I need every line from the start of the material below up to and including the line containing "Альбом 3 Сметы", restated exactly, with the pictures omitted.

:: Available data ::

========

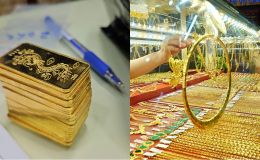 Giá vàng hôm nay 21/10: Vàng SJC và nhẫn trơn 9999 giảm ‘mất phanh’, ở đâu bán vàng được giá nhất?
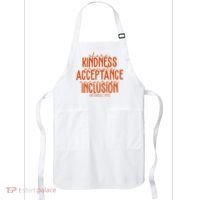 Share Kindness Promote Acceptance Encourage Inclusion End Bullying Unity Day Apron thumb 0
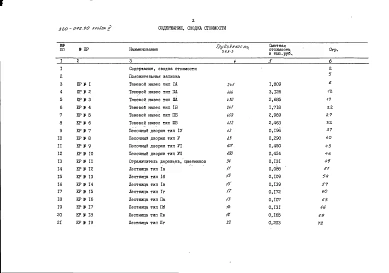 Альбом 3 Сметы на общестроительные и специальные работы
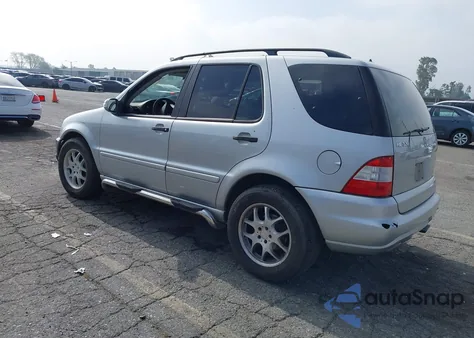 2002 Mercedes-Benz Ml 320 from USA, damaged, VIN 4JGAB54EX2A291066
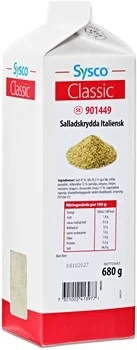 Italiensk Salladskrydda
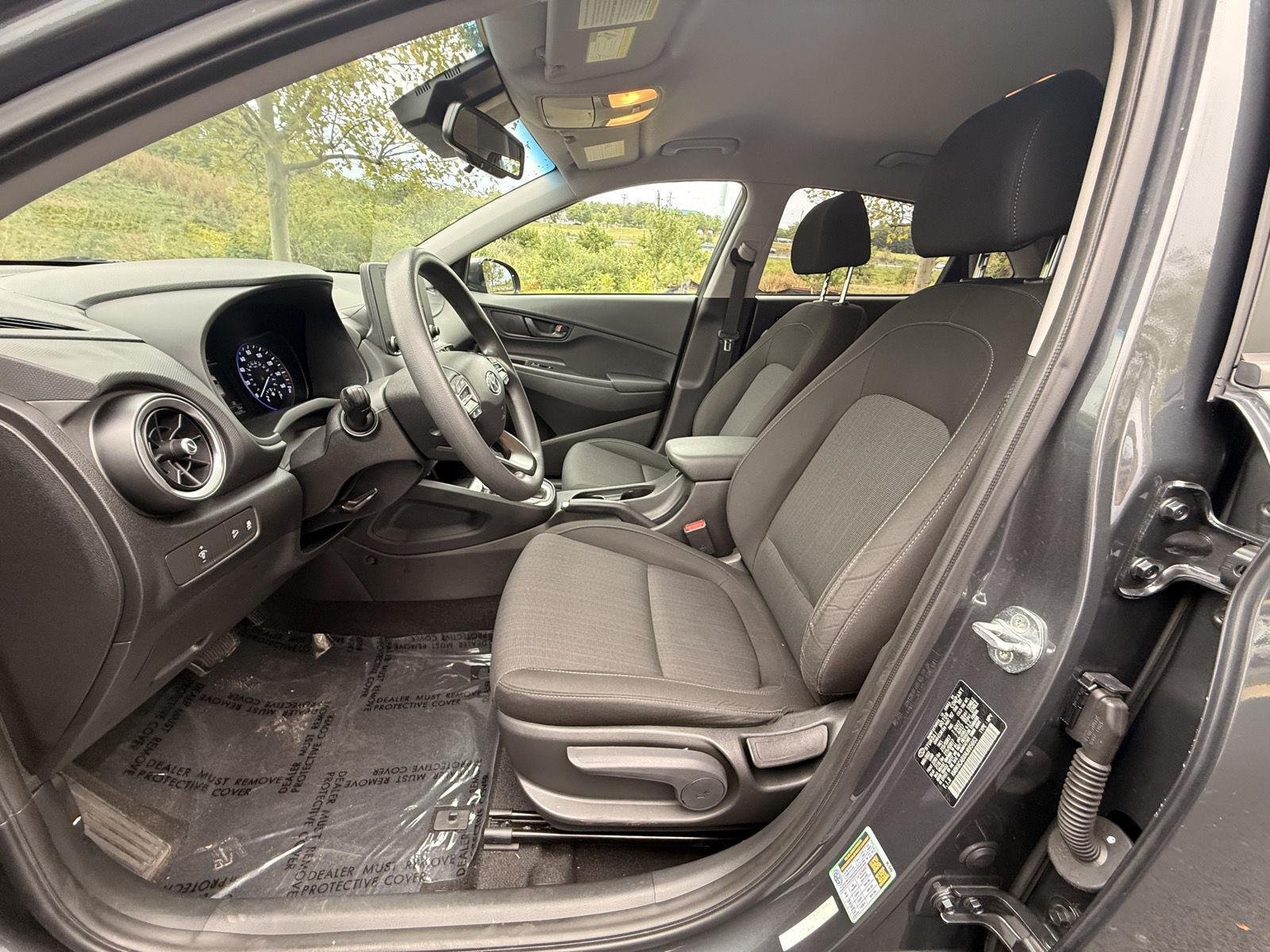 Used 2022 Thunder Gray Hyundai SEL image 14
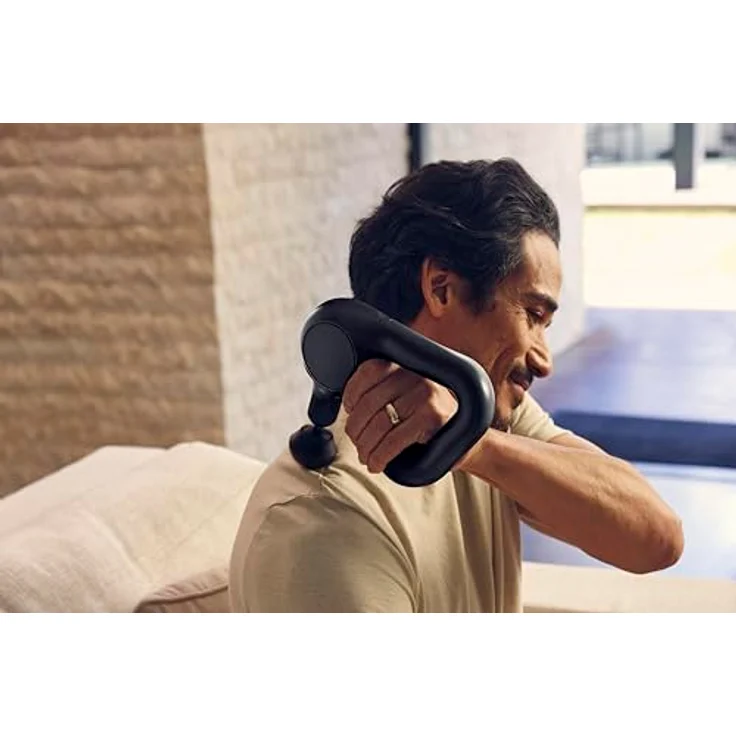 Therabody Theragun Relief, Handheld Percussion Massage Gun für Nacken, Rücken und Beine, batteriebetrieben, leicht und benutzerfreundlich – Bild 5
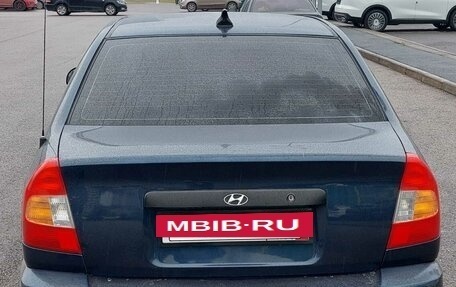 Hyundai Accent II, 2010 год, 420 000 рублей, 6 фотография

========

:: Your solution ::
 Giá vàng hôm nay 21/10: Vàng SJC và nhẫn trơn 9999 giảm ‘mất phanh’, ở đâu bán vàng được giá nhất?
 Share Kindness Promote Acceptance Encourage Inclusion End Bullying Unity Day Apron thumb 0
 Альбом 3 Сметы на общестроительные и специальные работы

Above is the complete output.